United States District Court Judge Rudolph T. Randa conducted a preliminary examination of the petition in accordance with Rule 4 of the Rules Governing § 2254 Cases and ordered the respondent to "file an answer or other appropriate response to the petition within sixty (60) days of the date of this Order." (Decision and Order of August 7, 2012). The respondent filed an answer on February 6, 2013. The petition, which is fully briefed and ready for disposition, will be addressed herein. Also before the court are the petitioner's Motions to Schedule a Sentence Hearing Regarding the Court's Ruling in the case. (Docket ## 30, 31, 32, 34 and 36).

APPLICABLE LAW

The habeas corpus statute was amended by the Antiterrorism and Effective Death Penalty Act (AEDPA), Pub.L. No. 104-132, 100 Stat. 1214 (1996) which provides in pertinent part:

An application for a writ of habeas corpus on behalf of a person in custody pursuant to the judgment of a State court shall not be granted with respect to any claim that was adjudicated on the merits in State court proceedings unless the adjudication of the claim-
(1) resulted in a decision that was contrary to, or involved an unreasonable application of, clearly established Federal law, as determined by the Supreme Court of the United States; or
(2) resulted in a decision that was based on an unreasonable determination of the facts in light of the evidence presented in the State court proceeding.

28 U.S.C. § 2254(d).

This provision entitles federal courts, acting within their jurisdiction, to interpret the law independently, but requires them to refrain from "fine tuning" state court interpretations. Lindh v. Murphy, 96 F.3d 856, 870-877 (7th Cir. 1996), rev'd on other grounds, 521 U.S. 320 (1997). "Thus, although this court reviews the state court's legal conclusions and mixed questions of law and fact de novo, that review is 'tempered by AEDPA's deferential constraints.'" Hereford v. McCaughtry, 101 F. Supp. 2d 742, 746 (E.D. Wis. 2000) (quoting Sanchez v. Gilmore, 189 F.3d 619, 623 [7th Cir. 1999]).

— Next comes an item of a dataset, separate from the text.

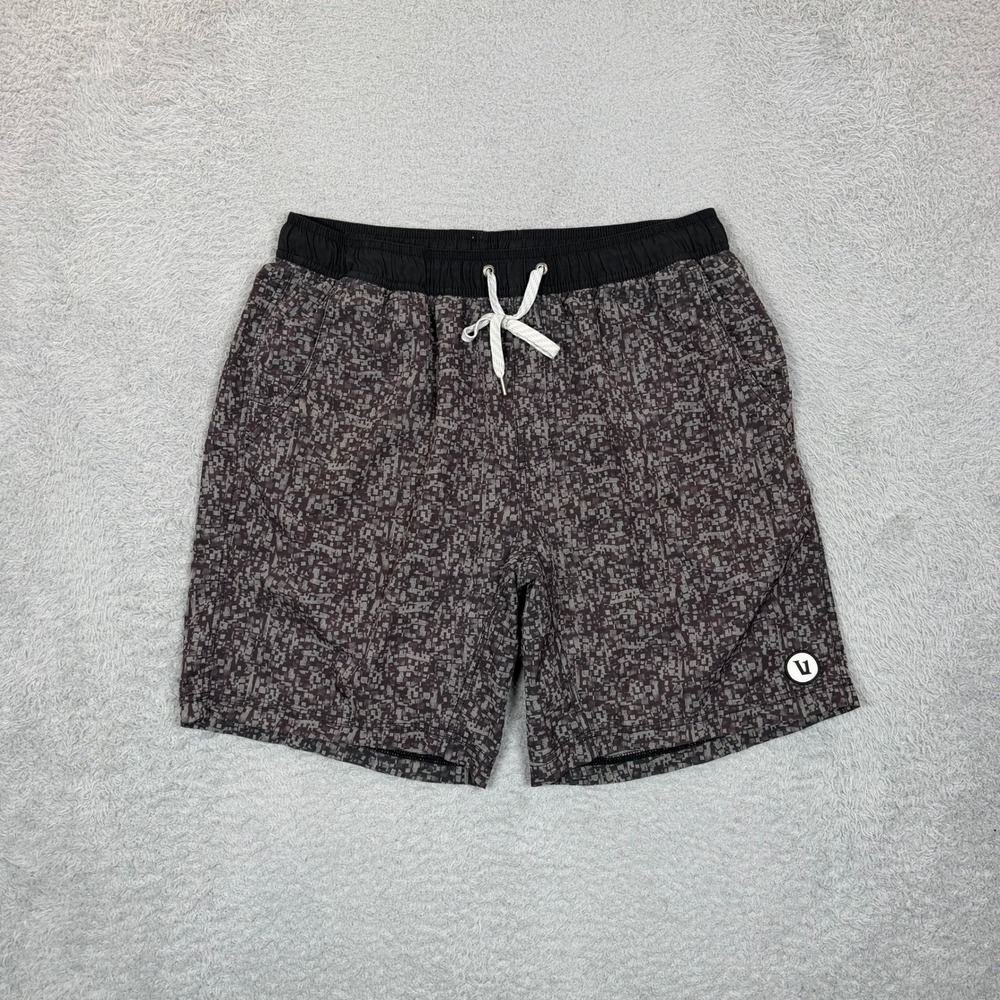 Vuori Kore Shorts Mens Large Charcoal Grey Digital Mosaic V302 Lined 7.5 Inseam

A state court's decision is "contrary to . . . clearly established Federal law as established by the United States Supreme Court" if it is "substantially different from relevant [ Supreme Court] precedent." Washington v. Smith, 219 F.3d 620, 628 (7th Cir. 2000) (quoting Williams v. Taylor, 529 U.S. 362, 404-05 [2000]). The court of appeals for this circuit recognized the narrow application of the "contrary to" clause:

under the "contrary to" clause of § 2254(d)(1), [a court] could grant a writ of habeas corpus . . . where the state court applied a rule that contradicts the governing law as expounded in Supreme Court cases or where the state court confronts facts materially indistinguishable from a Supreme Court case and nevertheless arrives at a different result.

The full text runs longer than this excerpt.